In his annual statement, the energy secretary also confirmed plans for a yearly competition review “to make sure the energy market is operating properly” and said he wanted to make it easier for consumers to switch suppliers, ideally in 24 hours rather than the current five weeks.

As regulation currently stands, under the new UK Cartel Offence, individuals who have engaged in a price-fixing cartel could go to jail – but only if the regulator can prove that they were working together.

Meanwhile EU civil legislation permits Ofgem to launch an investigation into suspected energy market manipulation and impose fines on the companies involved, but does not extend to criminal sanctions.
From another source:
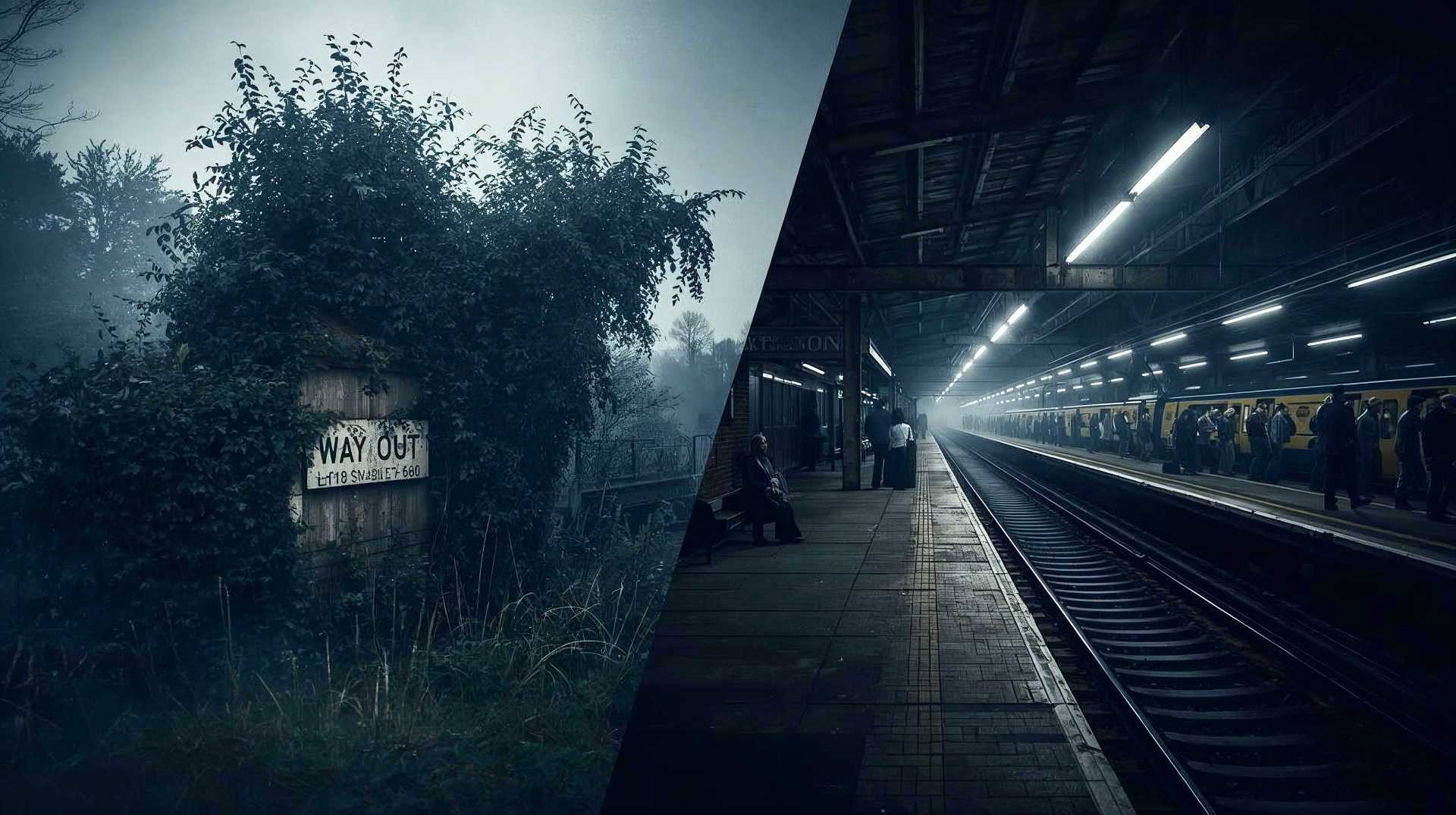 A hyper-realistic, atmospheric photograph in the style of a high-end British documentary feature. The composition features a split scene: on the left, a ghostly, overgrown 1960s railway platform with ivy covering a "Way Out" sign, evoking nostalgia and loss. On the right, blending seamlessly, a modern, overcrowded commuter train platform in London, highlighting the current capacity crunch. The lighting should be moody—misty grey morning light for the old station, harsh fluorescent or bright city light for the new one. The mood is contemplative and historical.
“Ed Davey is proposing criminal powers for energy market manipulation, which are likely to be similar to those put in place as a result of the Libor investigation,” said Dan Burton, senior associate at Freshfields Bruckhaus Deringer. “If introduced, Davey is correct that this would be the first time that there have been criminal sanctions for individuals for market manipulation of energy pricing.”

Despite the proposed criminal powers, some critics have argued that the statement has not added much on to existing plans. “The energy regulator Ofgem has already introduced an annual review so I don’t know how different this one will be,” Mulu Sun, utilities analyst at Liberum Capital told City A.M. “There are attention-grabbing headlines, but there are not many new things in the statement.”

The statement notably does not mention “rolling back” green levies on consumers’ bills, which Prime Minister David Cameron proposed last week. A 10 Downing Street spokesperson told City A.M. that the proposals are still going ahead but that work on them is ongoing and will be announced in the autumn statement in December.